My mother-in-law is 83 and making my 89-year-old father-in-law batty. We can all see it coming: the repeating of the stories, the buying cheese (and apples and meat and whatever) every time she goes to the store because she forgot she bought them last time but forgetting the things that she does need, and the asking "What do you want for dinner?" three or four times before making whatever it is she wants to make. She is losing it.
Her best friend, when I called about something else, said that she would be on board for sitting down with her and my father-in-law and confronting her that she needs to go to a doctor to at least be evaulated and get a baseline test done. (This woman friend is normally a "hands-off-mind-my-own-business" lady. So I was shocked.) My husband says his mom is going to do what she's going to do and that she will totally ignore all of us until she forgets where she is one day when she's out driving. And then he says she will continue to ignore us. I feel that he is dodging the issue. But I also feel that confronting her will not do us any good either. But I really feel bad for my FIL.

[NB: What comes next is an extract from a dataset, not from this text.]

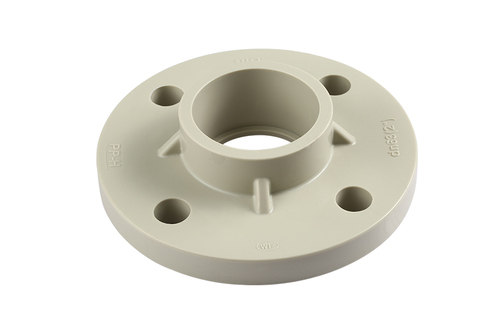 坡头镇PPR一体式法兰(DIN)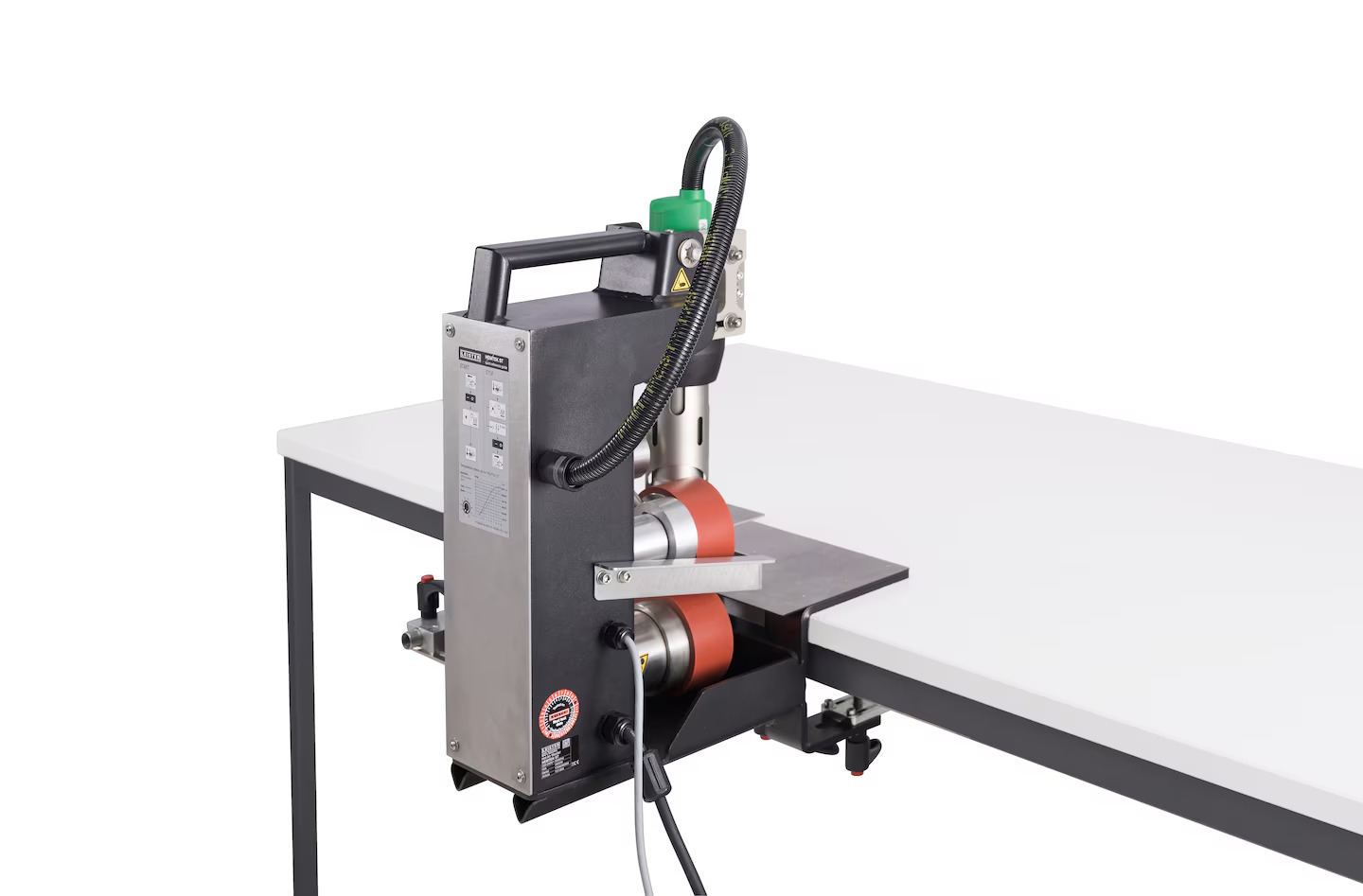 Hot-air welders for signmakers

My MIL says that he is making her take "stupid pills" because he thinks she is stupid. (He has managed to get her to take a few herbal supplements which won't do a thing, in my opinion.) I have no place in this discussion in a lot of ways because I am the daughter-in-law, but I also see that it will be my job down the road to deal with this woman as I work part time while my husband works full time plus overtime. So thanks for letting me vent. But, seriously, if all of us (her husband, her friends, the only son, the grown grandkids and another set of their friends) were to sit down with her, will it just be a painful waste of time? My FIL is going to put my husband on the bank accounts, but he's been putting it off.